***** Extracted information *****

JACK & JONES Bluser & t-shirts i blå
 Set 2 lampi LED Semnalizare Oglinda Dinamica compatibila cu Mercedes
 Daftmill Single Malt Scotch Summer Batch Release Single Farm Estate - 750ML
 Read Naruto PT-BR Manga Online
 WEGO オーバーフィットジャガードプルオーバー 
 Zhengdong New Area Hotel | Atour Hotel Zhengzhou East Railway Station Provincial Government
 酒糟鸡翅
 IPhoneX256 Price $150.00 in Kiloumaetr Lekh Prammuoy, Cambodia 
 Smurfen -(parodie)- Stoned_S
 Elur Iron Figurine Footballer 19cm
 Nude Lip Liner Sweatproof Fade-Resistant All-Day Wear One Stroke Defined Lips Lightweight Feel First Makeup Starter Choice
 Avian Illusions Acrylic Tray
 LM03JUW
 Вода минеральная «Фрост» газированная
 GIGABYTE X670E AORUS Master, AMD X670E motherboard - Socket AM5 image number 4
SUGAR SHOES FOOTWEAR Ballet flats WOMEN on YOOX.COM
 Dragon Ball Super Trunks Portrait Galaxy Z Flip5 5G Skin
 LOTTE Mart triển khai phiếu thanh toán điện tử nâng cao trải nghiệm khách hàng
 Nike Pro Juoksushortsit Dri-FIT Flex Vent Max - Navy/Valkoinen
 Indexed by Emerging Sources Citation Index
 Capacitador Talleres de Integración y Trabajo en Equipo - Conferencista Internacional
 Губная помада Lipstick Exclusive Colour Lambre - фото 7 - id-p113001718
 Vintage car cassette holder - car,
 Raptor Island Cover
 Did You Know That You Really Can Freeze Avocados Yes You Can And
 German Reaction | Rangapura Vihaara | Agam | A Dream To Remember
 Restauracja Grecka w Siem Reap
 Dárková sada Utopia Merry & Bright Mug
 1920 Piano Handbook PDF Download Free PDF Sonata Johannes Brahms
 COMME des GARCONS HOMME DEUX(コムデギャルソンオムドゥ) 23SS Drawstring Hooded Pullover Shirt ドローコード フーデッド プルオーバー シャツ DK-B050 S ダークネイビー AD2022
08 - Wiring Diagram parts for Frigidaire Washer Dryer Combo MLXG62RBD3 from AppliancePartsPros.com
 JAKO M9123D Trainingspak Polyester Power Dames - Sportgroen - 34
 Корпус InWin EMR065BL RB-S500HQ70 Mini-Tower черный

*****

== Assigned task ==
Starting at the first line of the entries above, please extract each line up to and including the line with "WEGO オーバーフィットジャガードプルオーバー", unchanged, and add nothing.

== Exercise output ==
JACK & JONES Bluser & t-shirts i blå
 Set 2 lampi LED Semnalizare Oglinda Dinamica compatibila cu Mercedes
 Daftmill Single Malt Scotch Summer Batch Release Single Farm Estate - 750ML
 Read Naruto PT-BR Manga Online
 WEGO オーバーフィットジャガードプルオーバー 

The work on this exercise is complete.